11-12-10 Jay Hupp Recall Hearing 1/9
As an active paralegal, I do question the wording of the Recall Petition, which visiting presiding Judge Pomeroy found defective/insufficient. I’m not convinced all the attachments seeking to ‘prove’/support the allegations were necessary or even helpful from the petitioners’ perspective.
My personal view is too much attention was focused in court on attempting to prove the allegations instead of selecting allegations that were sufficient in and of themselves. e.g. In a civil suit (or even a criminal charge), the merits are heard if/when the case goes to trial, i.e. a jury or fact finding body.
In a recall, the Court determines if the allegations/charges are legally and factually sufficient without determining the truth of them. The voters ultimately serve as the fact finding body.

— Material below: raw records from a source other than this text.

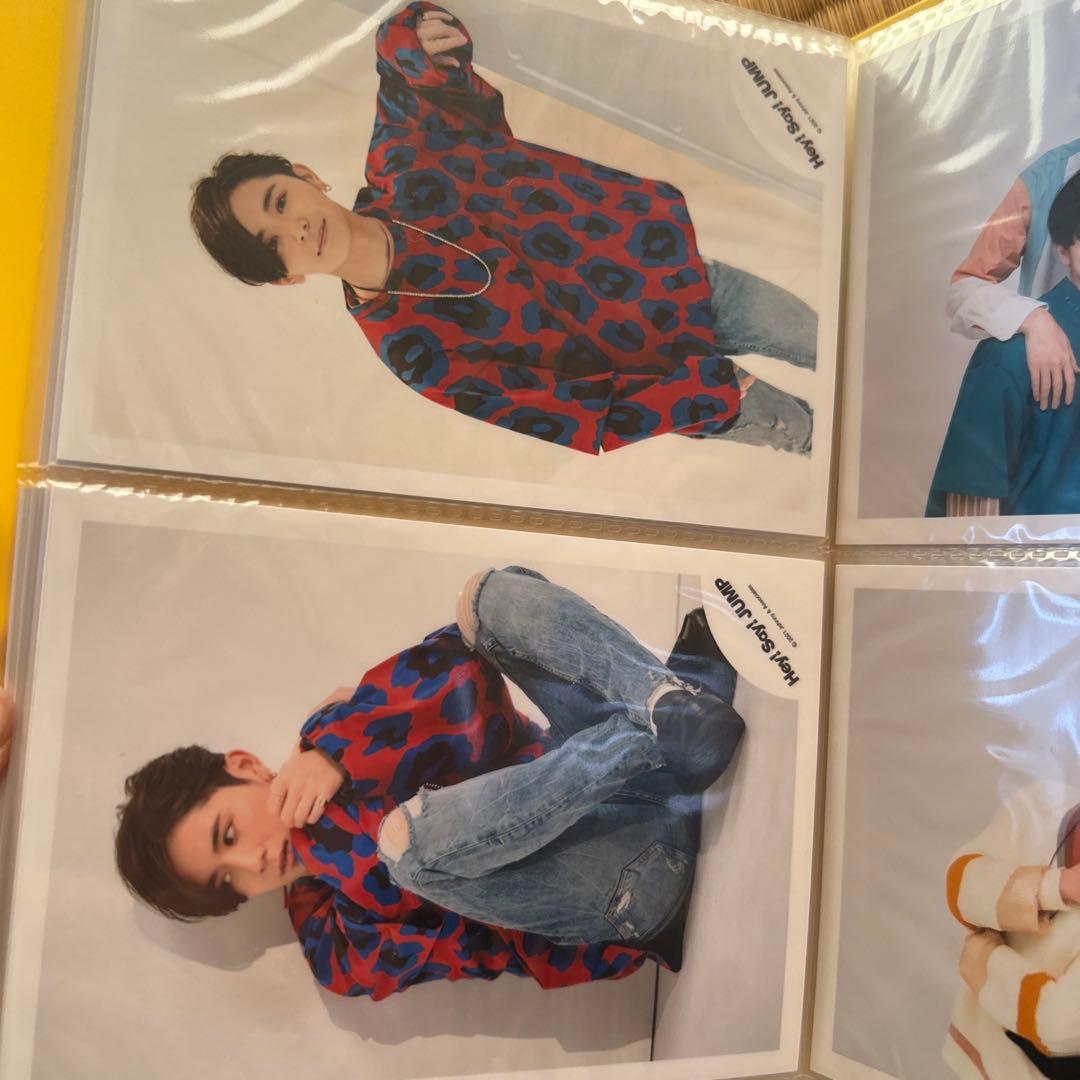 Hey! Say! JUMP 公式写真セット 山田涼介 トレカ 27枚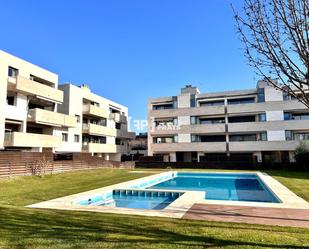 Piscina de Dúplex en venda en  Lleida Capital amb Aire condicionat, Calefacció i Terrassa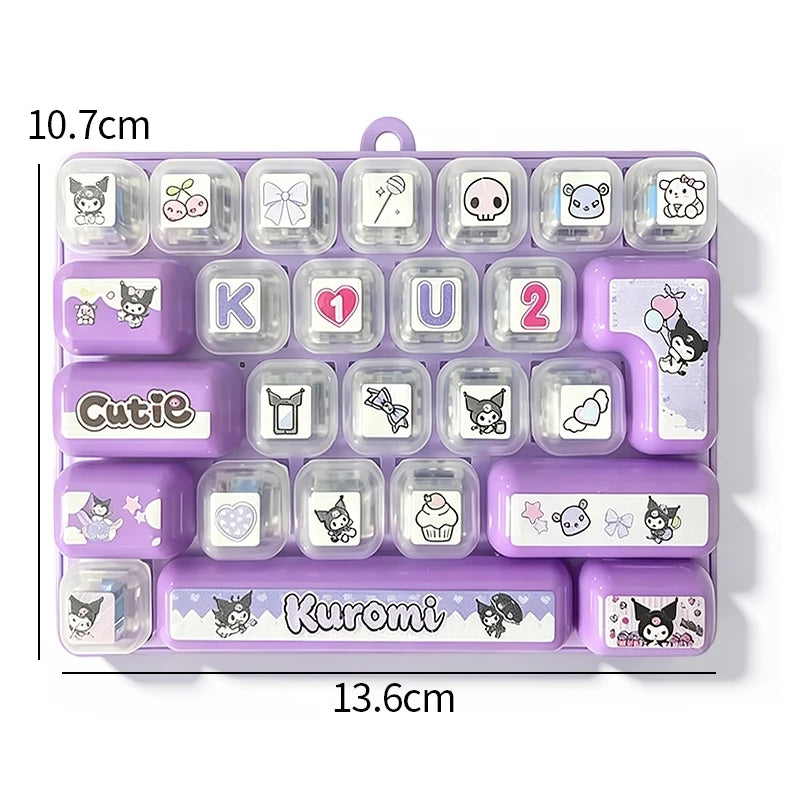 26 Key Fidget Keyboard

Thus, if it were alleged Jay Hupp had taken bribes as a public official, no evidence substantiating it (I believe) would be necessary in the preliminary phase…only whether the allegation in and of itself was legally and factually sufficient to show malfeasance/misfeasance or breach of Oath of Office other than a sworn affidavit the affiant KNEW the allegation(s) were true.
Receiving e-mail, for instance, doesn’t rise to that prima facia threshold level as such receipt doesn’t constitute a voluntary or ‘willful’ (a necessary component of malfeasance/misfeasance is ‘intent’ according to Judge Pomeroy) act. But (hypothetically speaking) taking bribes DOES! I don’t know that irrefutable ‘proof’ of bribe taking would be required as part of a recall petition in such a scenario. A sworn statement under penalty of perjury a declarant submitted of KNOWLEDGE including a specific time, date, and place of where it had occurred would suffice. The weighing of the probity of such argument or evidence would be left to the voters’ determination much as proof of damages or other details (often obtained in the discovery phase) are left to jurors in the trial phase in a civil proceeding.
Thus, I feel the petitioners erred in attempting to try the case before the judge instead of the voters and bringing counsel aboard too late in the process. e.g. Conspiring, aiding, and abetting chemical trespass and poisoning the public strikes me as a less convoluted more easily understood charge. There’s some case law suggesting the victims of the imminent harm need not wait until after the injury to seek relief…or a mushroom cloud before they react. In any event, more attention needs to be paid to the drafting phase of a recall petition. (Note: Old Russian Proverb–if you’re going to gouge the bear’s eye with a stick, make sure the stick is longer than the bear’s arm.)